Kermanis are usually a relaxed and easy-going group of people. Having lived in the desert for so long, they have learned not to take life too seriously and enjoy their time. They are adaptable to difficult situations, and while the country may be going through a crisis, they remain still. A riot may rise up in Tehran, the capital, and the political center of Iran, protesting against something they don’t like about the government. You ask a Kermani what they think about the situation, they will say that they prefer not to think of it much, not taking any extreme positions (we’re over-generalizing here, of course).
Iran’s diversity of religious minorities showcase in Kerman. Although mostly Shia Muslim, Kerman is home to a significant number of Iranian Sunnis who have lived alongside the Shia majority in harmony for a long time. Being next to Sistan & Baluchestan – an area where the majority of its populations are Sunnis – explains the existence of these groups. But, and more interestingly, there has been a rather small but racially notable Zoroastrian community in Kerman.
Read More: Iranian Religion
Its people are known for
Known for the humility and traditional ways of living, people from Kerman are also famous for being present in high-ranking political positions of Iran’s government. Some families, like the Rafsanjani and Marashi families, are among the most influential ones of the Islamic Republic. Additionally, people from Kerman are in the current Iranian government, working as ministers or members of the cabinet.
Art and architecture
Kerman lives in traditions: Iran art and architecture survive in the city as the air does. Walk around in the historical parts of Kerman, and you’ll be surprised by how many architectural wonders you may come across. A small mosque, a traditionally-designed house, or a narrow alleyway leading for a mysteriously dark entrance of the bazaar: Kerman’s historical parts showcase the best of Iran’s traditional art and architecture. Walking in the bazaar, you might see a Pateh workshop. These needlework products were first produced here and are the main products of Kerman.
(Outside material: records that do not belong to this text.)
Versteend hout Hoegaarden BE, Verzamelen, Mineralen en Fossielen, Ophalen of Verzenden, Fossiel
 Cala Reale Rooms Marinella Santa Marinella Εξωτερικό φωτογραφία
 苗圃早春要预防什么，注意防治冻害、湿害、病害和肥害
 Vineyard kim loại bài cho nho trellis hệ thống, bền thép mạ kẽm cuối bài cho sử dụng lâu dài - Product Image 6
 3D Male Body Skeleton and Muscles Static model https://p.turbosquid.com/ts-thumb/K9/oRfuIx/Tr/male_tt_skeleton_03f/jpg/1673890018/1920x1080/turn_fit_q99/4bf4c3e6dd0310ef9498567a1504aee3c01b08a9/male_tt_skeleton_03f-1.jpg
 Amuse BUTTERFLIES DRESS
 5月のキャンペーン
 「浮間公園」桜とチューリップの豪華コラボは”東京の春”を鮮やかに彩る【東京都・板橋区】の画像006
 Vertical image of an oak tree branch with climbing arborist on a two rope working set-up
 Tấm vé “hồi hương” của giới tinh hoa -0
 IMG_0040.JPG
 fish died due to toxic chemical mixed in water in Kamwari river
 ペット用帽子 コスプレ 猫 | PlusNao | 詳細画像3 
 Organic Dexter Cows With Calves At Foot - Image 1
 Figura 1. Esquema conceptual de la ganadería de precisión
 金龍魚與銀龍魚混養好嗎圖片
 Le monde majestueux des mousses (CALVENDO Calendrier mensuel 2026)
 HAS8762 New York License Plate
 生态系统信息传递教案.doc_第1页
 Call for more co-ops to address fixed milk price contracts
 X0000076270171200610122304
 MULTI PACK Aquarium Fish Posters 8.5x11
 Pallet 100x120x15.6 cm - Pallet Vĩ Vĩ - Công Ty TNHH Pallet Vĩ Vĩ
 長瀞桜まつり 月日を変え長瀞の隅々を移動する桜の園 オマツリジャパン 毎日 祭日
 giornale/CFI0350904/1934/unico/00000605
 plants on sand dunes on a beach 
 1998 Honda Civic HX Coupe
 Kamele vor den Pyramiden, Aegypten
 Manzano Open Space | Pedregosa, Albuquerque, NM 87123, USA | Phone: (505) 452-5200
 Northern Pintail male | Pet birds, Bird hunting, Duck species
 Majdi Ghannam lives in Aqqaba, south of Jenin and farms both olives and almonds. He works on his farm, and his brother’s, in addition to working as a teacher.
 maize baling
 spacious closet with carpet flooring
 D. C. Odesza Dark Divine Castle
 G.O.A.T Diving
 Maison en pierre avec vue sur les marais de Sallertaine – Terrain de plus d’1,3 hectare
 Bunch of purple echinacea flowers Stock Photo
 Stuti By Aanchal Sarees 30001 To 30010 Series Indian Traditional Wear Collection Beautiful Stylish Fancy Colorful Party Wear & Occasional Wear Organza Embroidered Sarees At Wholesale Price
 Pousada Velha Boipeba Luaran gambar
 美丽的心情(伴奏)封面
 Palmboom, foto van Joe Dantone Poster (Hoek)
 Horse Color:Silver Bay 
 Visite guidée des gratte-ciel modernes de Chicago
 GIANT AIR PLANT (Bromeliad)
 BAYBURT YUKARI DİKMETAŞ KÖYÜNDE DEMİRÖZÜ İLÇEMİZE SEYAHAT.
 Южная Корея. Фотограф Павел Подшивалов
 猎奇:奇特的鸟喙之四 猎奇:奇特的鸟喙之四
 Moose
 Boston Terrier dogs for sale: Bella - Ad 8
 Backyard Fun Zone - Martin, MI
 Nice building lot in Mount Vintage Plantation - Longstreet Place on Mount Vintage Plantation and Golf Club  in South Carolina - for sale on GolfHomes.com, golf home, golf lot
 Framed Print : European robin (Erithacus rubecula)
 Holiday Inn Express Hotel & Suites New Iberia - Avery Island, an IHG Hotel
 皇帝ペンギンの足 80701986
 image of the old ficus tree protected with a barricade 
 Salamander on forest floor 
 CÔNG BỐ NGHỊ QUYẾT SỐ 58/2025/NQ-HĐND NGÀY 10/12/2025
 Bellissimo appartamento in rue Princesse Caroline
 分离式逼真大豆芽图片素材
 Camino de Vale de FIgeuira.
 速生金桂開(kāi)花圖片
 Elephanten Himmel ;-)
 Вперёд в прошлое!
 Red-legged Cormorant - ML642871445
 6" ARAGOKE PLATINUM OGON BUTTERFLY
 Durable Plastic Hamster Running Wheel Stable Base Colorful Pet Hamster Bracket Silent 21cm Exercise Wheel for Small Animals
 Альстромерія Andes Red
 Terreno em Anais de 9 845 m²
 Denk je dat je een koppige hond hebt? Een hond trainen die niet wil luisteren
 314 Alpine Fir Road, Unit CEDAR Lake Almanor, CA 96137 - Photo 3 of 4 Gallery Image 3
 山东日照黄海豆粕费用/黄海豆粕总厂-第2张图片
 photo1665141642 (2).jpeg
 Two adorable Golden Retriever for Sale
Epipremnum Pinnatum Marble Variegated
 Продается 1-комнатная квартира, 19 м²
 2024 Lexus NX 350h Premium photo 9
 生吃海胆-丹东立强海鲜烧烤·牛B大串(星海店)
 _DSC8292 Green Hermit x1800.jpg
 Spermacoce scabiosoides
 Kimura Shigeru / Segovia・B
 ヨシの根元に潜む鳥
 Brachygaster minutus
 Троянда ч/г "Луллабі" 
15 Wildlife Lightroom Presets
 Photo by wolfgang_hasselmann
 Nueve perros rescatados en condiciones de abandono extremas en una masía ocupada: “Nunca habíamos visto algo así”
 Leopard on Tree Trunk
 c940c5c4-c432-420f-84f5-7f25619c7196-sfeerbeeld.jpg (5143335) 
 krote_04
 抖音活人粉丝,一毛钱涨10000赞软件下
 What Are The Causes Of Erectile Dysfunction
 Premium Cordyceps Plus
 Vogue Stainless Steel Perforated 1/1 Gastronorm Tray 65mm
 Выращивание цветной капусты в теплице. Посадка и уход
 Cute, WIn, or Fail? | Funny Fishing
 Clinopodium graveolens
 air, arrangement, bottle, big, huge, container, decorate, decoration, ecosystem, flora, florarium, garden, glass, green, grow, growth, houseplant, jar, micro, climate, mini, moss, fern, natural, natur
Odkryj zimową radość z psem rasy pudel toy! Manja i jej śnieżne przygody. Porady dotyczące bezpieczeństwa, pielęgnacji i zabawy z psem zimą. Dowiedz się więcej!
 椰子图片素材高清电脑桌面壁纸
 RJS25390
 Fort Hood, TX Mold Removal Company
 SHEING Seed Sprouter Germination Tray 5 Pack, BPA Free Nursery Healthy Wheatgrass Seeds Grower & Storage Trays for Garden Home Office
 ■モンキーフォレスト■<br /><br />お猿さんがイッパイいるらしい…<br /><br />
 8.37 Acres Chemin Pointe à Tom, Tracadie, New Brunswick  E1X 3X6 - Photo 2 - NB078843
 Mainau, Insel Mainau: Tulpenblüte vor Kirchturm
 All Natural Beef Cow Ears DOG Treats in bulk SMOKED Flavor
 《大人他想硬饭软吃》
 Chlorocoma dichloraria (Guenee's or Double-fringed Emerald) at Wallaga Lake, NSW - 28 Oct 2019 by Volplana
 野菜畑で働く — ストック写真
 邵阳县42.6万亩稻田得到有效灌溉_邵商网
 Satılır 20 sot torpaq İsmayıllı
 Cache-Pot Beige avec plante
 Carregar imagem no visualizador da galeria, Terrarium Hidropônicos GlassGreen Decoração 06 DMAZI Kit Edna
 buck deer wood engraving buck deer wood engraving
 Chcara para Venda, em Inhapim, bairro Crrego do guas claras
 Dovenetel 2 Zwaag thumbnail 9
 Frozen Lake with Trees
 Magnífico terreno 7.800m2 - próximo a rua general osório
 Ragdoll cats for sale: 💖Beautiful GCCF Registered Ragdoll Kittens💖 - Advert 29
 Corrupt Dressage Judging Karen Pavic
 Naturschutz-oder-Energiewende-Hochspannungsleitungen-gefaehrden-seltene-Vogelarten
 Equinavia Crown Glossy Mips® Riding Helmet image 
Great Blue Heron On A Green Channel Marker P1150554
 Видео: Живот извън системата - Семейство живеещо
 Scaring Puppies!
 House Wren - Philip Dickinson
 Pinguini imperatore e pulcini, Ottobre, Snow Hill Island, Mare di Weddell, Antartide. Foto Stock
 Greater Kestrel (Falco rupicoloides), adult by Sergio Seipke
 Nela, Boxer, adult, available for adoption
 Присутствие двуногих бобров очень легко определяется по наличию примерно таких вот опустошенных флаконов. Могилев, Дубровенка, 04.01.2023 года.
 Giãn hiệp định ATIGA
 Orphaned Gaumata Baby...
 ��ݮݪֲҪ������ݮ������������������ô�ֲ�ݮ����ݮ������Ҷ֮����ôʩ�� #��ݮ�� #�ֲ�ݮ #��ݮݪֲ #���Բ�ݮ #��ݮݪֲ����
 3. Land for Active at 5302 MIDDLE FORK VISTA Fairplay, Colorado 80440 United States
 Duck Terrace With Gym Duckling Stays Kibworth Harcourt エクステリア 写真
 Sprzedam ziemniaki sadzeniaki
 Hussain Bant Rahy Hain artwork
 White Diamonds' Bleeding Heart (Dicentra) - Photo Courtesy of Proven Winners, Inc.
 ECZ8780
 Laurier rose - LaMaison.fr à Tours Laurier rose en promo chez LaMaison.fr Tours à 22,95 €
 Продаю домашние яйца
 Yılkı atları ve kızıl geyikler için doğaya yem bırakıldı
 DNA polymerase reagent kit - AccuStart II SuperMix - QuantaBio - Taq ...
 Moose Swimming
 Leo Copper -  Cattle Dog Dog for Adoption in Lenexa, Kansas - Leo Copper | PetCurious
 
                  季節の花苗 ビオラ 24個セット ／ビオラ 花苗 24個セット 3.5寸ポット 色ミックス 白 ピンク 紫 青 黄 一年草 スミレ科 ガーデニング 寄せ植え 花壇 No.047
Additionally, Kerman province is also home to two of the biggest and most majestic adobe citadels of the country: Arg e Bam and Rayen castle. The first one, Bam Citadel, is a UNESCO World heritage that was tragically devastated in a 2003 earthquake. But it has been rebuilt since. The second one, the mudbrick castle of Rayen, is located around the Hezar Mountain, about 100 km south of Kerman. It’s a deserted adobe castle and one of the best locations for an extensive historical photography session!
Travel to Kerman, and you will travel within. It’s a city for pondering, mulling over your past decisions, and thinking about your identity. Kerman does not invite you for an adrenalin-rush experience; it asks you to sit down and drink a cup of tea while you watch the people come and go in a traditional Iranian teahouse. The city used to be more traditional, your Kermani friend will tell you. Slowly, but surely, it has lost some of its historical side to modernity. Traveling to the city of Kerman alone will probably not satisfy you if you’re in for the all-around experience. You have to explore the region: The Kalouts, the citadels, the waterfall, and the farming fields call you; get your backpack and peace of mind ready.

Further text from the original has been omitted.